Way back when I was looking at grad schools, I visited an MIT space propulsion lab where students and faculty were developing something called an electrospray thruster. This is a device consisting of a plate covered in tiny spikes, with a tiny grid layered on top. You feed an ionic liquid onto the plate, where surface tension wicks it up to the tips of the spikes. (Ionic liquids – and this kind of boggled my mind when I first learned about them – are salts that are in their liquid state. They’re just a bunch of sloshing positive and negative ions. Wild!) Then, you apply a voltage to the grid sitting above the spikes. The potential difference between the spikes and the grid yanks ions up and hurls them out through the holes in the grid, and voila – ion thruster.
The MIT Space Propulsion Lab has been developing these as little patch thrusters that they can put on CubeSats.

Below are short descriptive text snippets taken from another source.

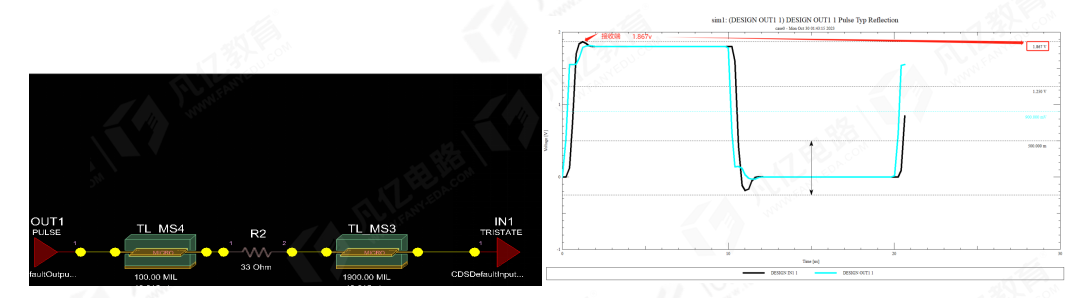 傳輸線在阻抗匹配時串聯端接電阻為什么要靠近發(fā)送端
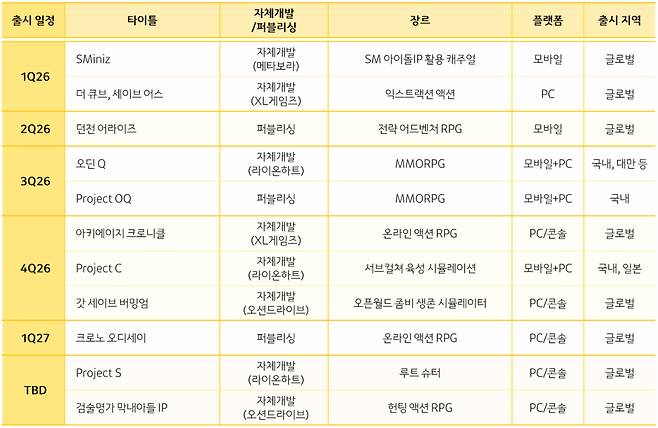 카카오게임즈의 주요 라인업. [사진=카카오게임즈]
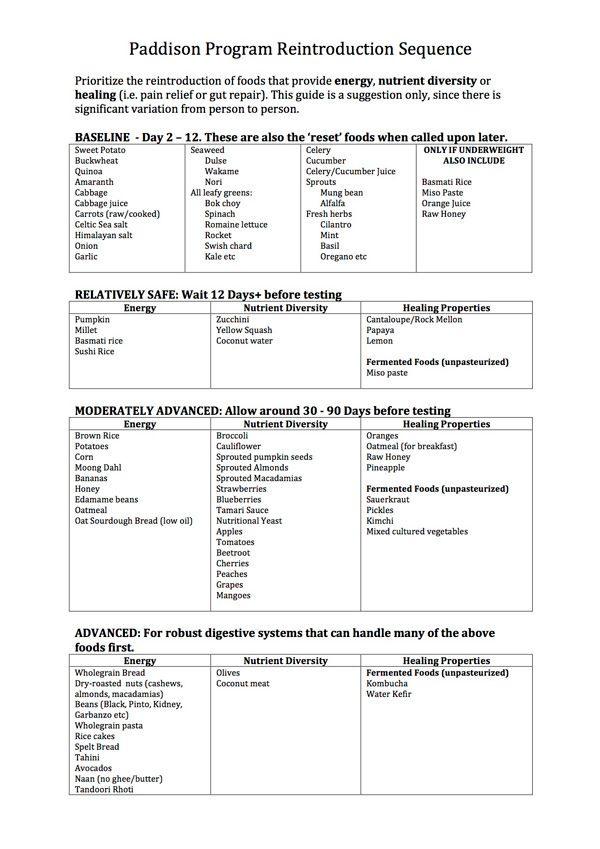 Paddison Program Reintroduction Sequence Paddison Program, Ra Diet, Inflammation Diet, Autoimmune Diet, Inflammatory Recipes, Auto Immune, Inflammatory Diet, Joints Pain Relief, Chronic Inflammation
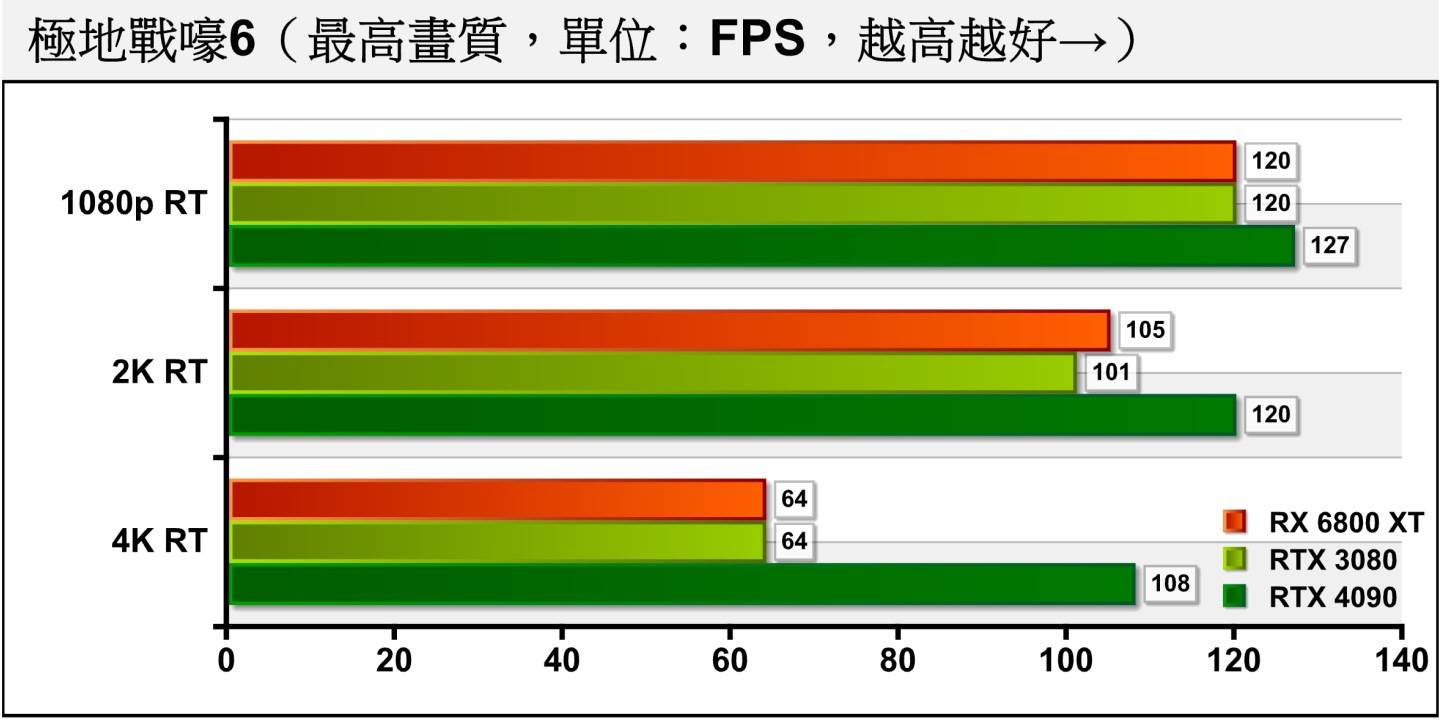 《极地战嚎6》开启光线追踪后，RTX 4090还是能在4K分辨率提供破100帧的平均FPS。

The thrusters are 1×1 cm patches and seem to generate forces in the range of ten or so micronewtons. (That would be, say, 1% of the weight of a postage stamp.) These are very small forces, but we are talking about very small satellites and we can leave the thrusters on for a very long time.
The idea that stuck in my head when I learned about these devices, though, is that they are mechanically very simple: all we have to do is texture a surface appropriately, touch the ionic liquid to it, and energize part of it. We could probably develop a fabrication method to print the thruster “texture” onto a flexible membrane or fabric of some kind.
And then we could deploy it like a sail.
10 micronewtons from a 1×1 cm thruster gives a thrust density of 0.1 N/m^2. So a 1×1 meter sail would produce a thrust force of about a tenth of a newton. On a standard 3U CubeSat, this corresponds to an acceleration of 3.4 milligees – which is actually getting up to the acceleration regime of the chemical thrusters on large spacecraft! With such acceleration, it would take five minutes for the CubeSat to add one meter per second to its velocity. Starting from low Earth orbit, this miniature sailing vessel would need only twenty minutes to hit Earth escape velocity!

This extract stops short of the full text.